Expanding Beyond Three Colors

I am often unable to achieve the range and subtlety of color I want with just blue, yellow, and magenta, so I have added cyan and red color layers to my standard workflow.  This page provides a brief summary of the concepts.  Page 4 of 'Silvergum' goes into much greater detail.

You’re not limited to one pigment per color layer. Currently, one of my favorite sets includes Verditer Blue, Quinacridone Rose, Rhodonite Genuine, the Hansa Yellows Light, Medium, and Deep, and Naples Yellow, with the optional additions of Quin Red and Prussian Blue.  Mixing two or more pigments in any layer, and including component pigment overlap, helps tie together the colors in the final print .


Starting Point

My gum prints start in a digital camera. This image was made with a Pentax K10. The only adjustments I made to the factory default settings were to set the contrast as low as possible and to kick the saturation up a notch.
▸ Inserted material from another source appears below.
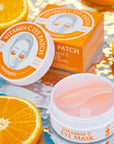 Płatki pod oczy – Gold Collagen / Vitamin C (hydrożelowe)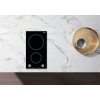 Whirlpool AKT 360/IX Sklokeramická varná deska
I shoot in RAW and work in Photoshop CS2 at 720 dpi.

Crop and re-size to your liking and then save that file, labeled ‘Prime’. This image is ‘RainbowSeep-prime.psd’. This allows all of the subsequent layers to align so that if you want to change a layer, you always have the original file as a reference.

I print all of my layers on Pictorico OHP, on an Epson R2400, with matte black ink on the ‘Best Photo’ setting and gamma 2.2.

Working with a digital file in RAW means you have almost limitless control and potential for creativity. The first image on the left is a straight negative, made by desaturating and inverting. If I made the black and white print from this negative the red rocks and yellow algae would print out very dark and the gum colors would to a large extent be lost.

The middle negative is made by using the hue/saturation slider and selective color tool. I increase the red, magenta, and yellow saturation and then run a +100% black in all three colors, and then invert and sharpen. The red rocks and yellow algae end up very light in the final print.



Digital Negatives and Perfect Registration

On the left: I like to outline each separation negative with silver film tape, leaving a tiny clear space around the image. This preserves the clean, black emulsion and makes the final print look framed.  Obviously, this is strictly a matter of personal taste.


 

On the right: For every different color layer applied, there is a separate color separation negative. 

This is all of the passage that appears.